I would go over there, demand my documents back, and take them to another (reputable) tax preparer, like H&R Block, for instance.  Park your butt in his office until he finds and returns your documents.

That guy can ignore your e-mails until hell freezes over.  

If you can't reach him or find him, or if the documents are lost or destroyed, you'd better start reconstructing your documents and take them to another preparer.


----------



## Don M. (Oct 8, 2018)

The first thing is...I would Never go back to him....other than One More trip, face to face....to see what his problem is.  Second, I would call the IRS directly, and see what my options are.  If he is a member of the local Chamber of Commerce, or Better Business Bureau, I would file a complaint with them.  

Unless your tax situation is Very complex, you might find it worthwhile to do your own taxes via a CD from H&R Block, Turbotax, etc.  If you have all your paperwork, and are at all skilled with your computer, you can do your taxes in an hour or so, for $50, or less....and have your refund within 2 or 3 weeks.


----------



## Knight (Oct 8, 2018)

When you do things right, people won't be sure you've done anything at all.
But when you procrastinate and don't heed the advice given several months back, it's not likely anything posted now will help.


----------



## SeaBreeze (Oct 8, 2018)

Deb, can't believe you've let this go so far and it's still up in the air, didn't you follow through on any advice we gave when you first posted about this?  It's completely unacceptable for a tax preparer to treat a client or do business like this, but you don't seem to have taken any action all this time to make sure your taxes were filed efficiently and timely.  I could never have ignored this for so long.


----------



## Keesha (Oct 8, 2018)

Butterfly said:


> I would go over there, demand my documents back, and take them to another (reputable) tax preparer, like H&R Block, for instance.  Park your butt in his office until he finds and returns your documents.
> 
> That guy can ignore your e-mails until hell freezes over.
> 
> If you can't reach him or find him, or if the documents are lost or destroyed, you'd better start reconstructing your documents and take them to another preparer.





Knight said:


> When you do things right, people won't be sure you've done anything at all.
> But when you procrastinate and don't heed the advice given several months back, it's not likely anything posted now will help.

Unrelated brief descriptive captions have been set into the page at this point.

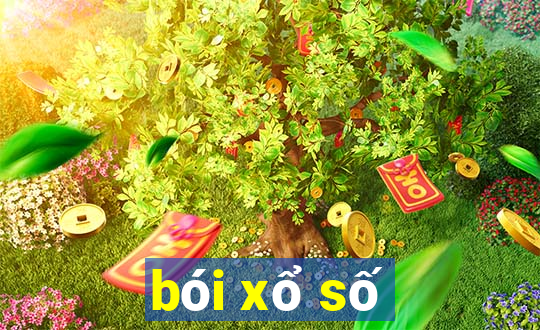 bói xổ số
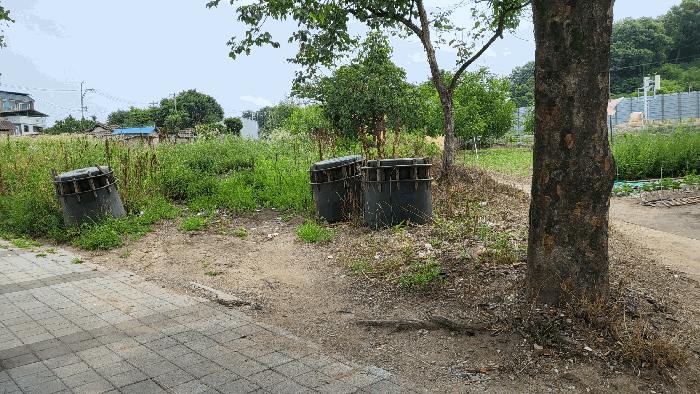 본건 서측 전경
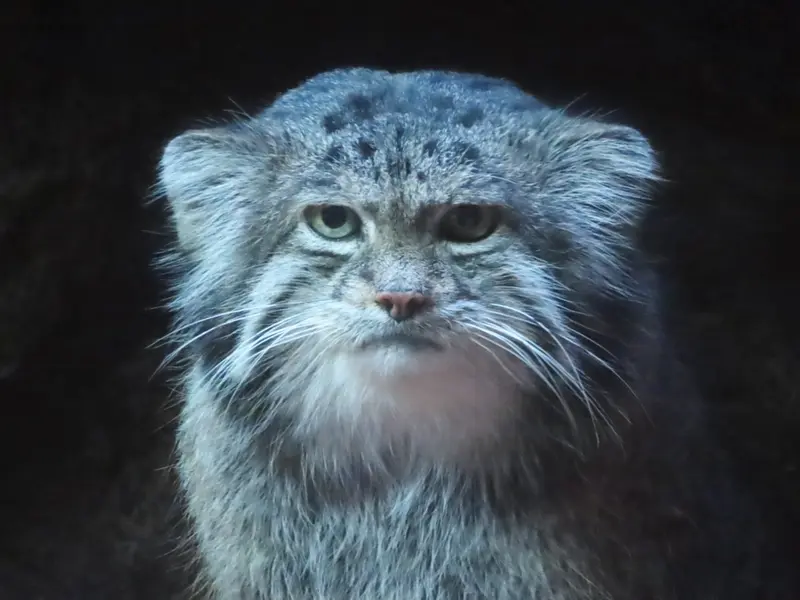 恩賜上野動物園のクリョンの写真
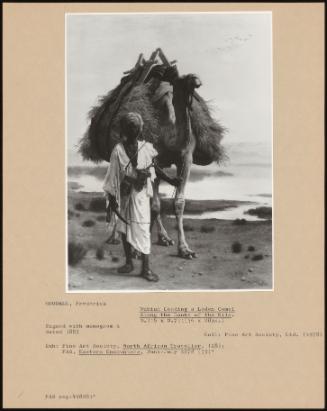 Nubian Leading A Laden Camel Along The Banks Of The Nile.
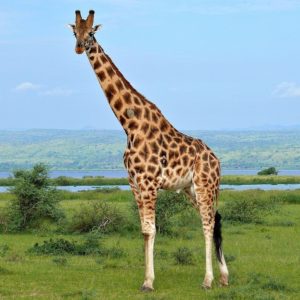 Žirafa_obr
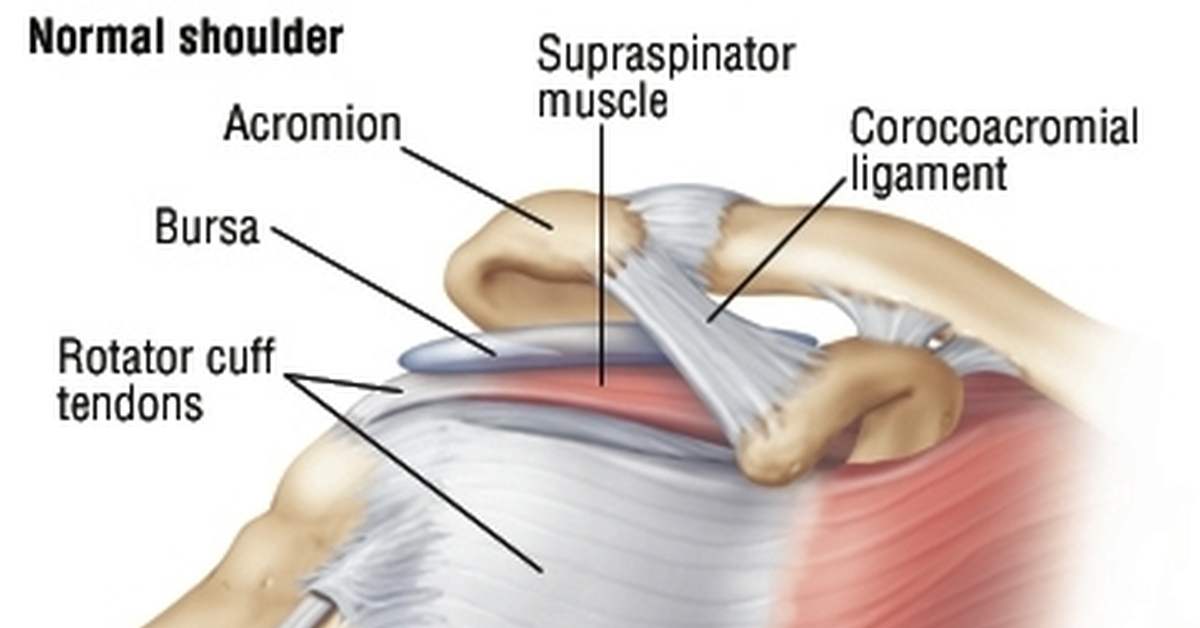 Болит плечевой сустав правой руки. Rotator Cuff упражнение на плечи. Кровоснабжение ротаторной манжеты. При армейском жиме болит плечо. Связки на спине порвалась.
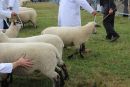 All hands on sheep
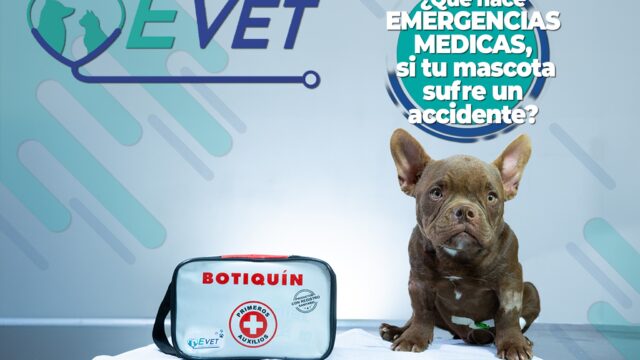 492567219_1261790375953778_2802244501983627406_n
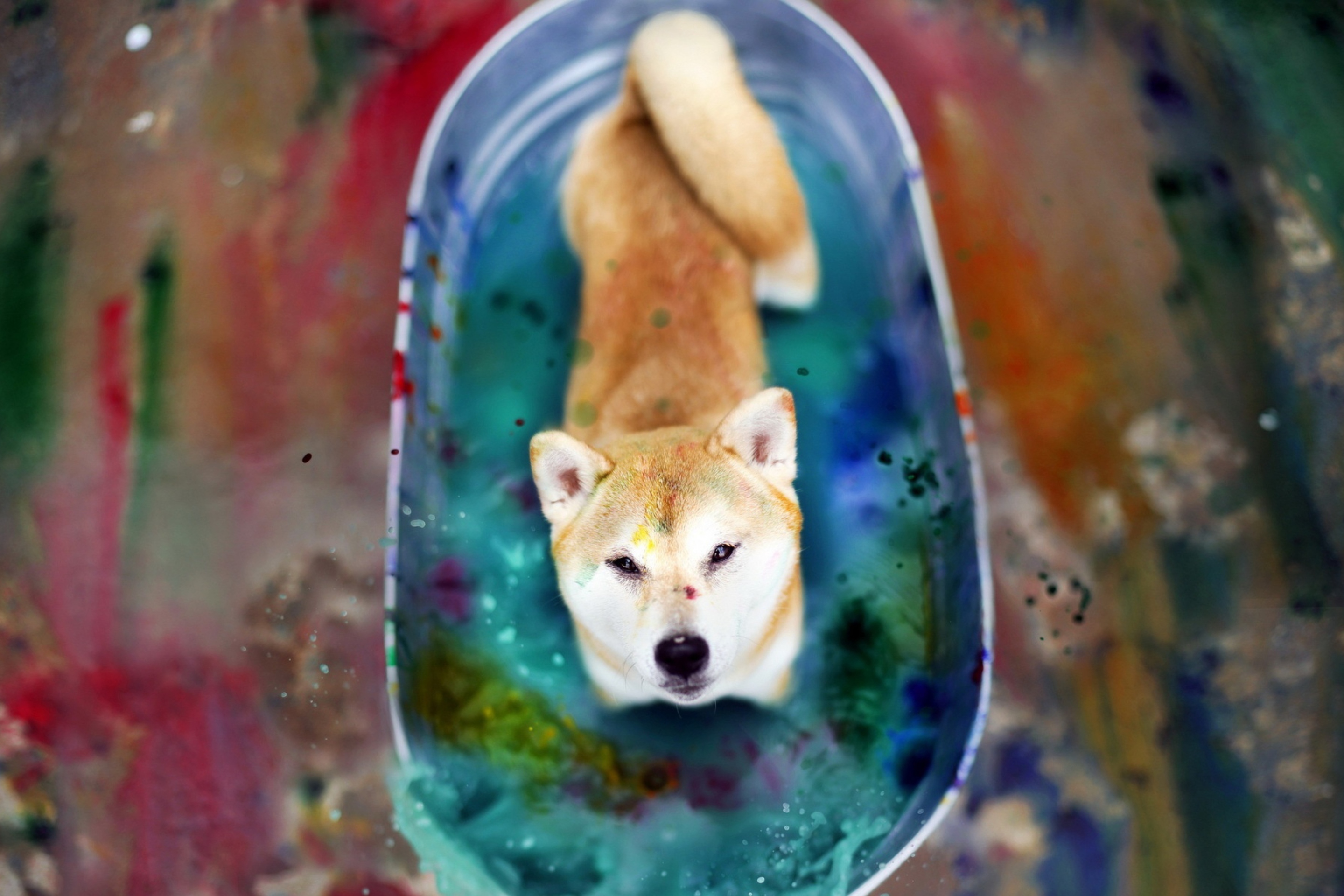 Das Dog And Colors Wallpaper 2880x1920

Great advice I’d take heed to. 
Butterfly used to work in a law office and knows what she is talking about and Knight is clearly on the ball.
I missed Seabreezes comment but she’s spot on.


----------



## Buckeye (Oct 8, 2018)

Thanks for the reminder- I need to finish by 2017 AZ and Hawaii state taxes.  I swear I will do it tomorrow.


----------



## applecruncher (Oct 8, 2018)

SeaBreeze said:


> Deb, can't believe you've let this go so far and it's still up in the air, didn't you follow through on any advice we gave when you first posted about this?  It's completely unacceptable for a tax preparer to treat a client or do business like this, but you don't seem to have taken any action all this time to make sure your taxes were filed efficiently and timely.  I could never have ignored this for so long.



:clap:


----------



## terry123 (Oct 9, 2018)

applecruncher said:


> :clap:


What the heck, Deb!!!!! Why have you let this go this far???Why do you post stuff like this if you don't really want advice??? Get yourself in his office, park your butt and demand your tax papers.  Then get to the closest tax service and take care of business.  You must not really care about your affairs to have waited this long.


----------



## moviequeen1 (Oct 9, 2018)

Deb,I can't believe you are still waiting for this guy to do your taxes
Get over there right,demand he give you your tax forms and take them to real tax experts,NOW!!!!
This guy should be investigated and have his license revolked.Its obvious he doesn't know what the hell he's doing Sue


----------



## treeguy64 (Oct 9, 2018)

Why bother posting about this, again, when it's painfully obvious that you ignored all of the excellent advice you received from us, a good while ago?


----------



## applecruncher (Oct 9, 2018)

treeguy64 said:


> Why bother posting about this, again, when it's painfully obvious that you ignored all of the excellent advice you received from us, a good while ago?



:clap:

Here's her thread about this problem in MARCH, 7 months ago. 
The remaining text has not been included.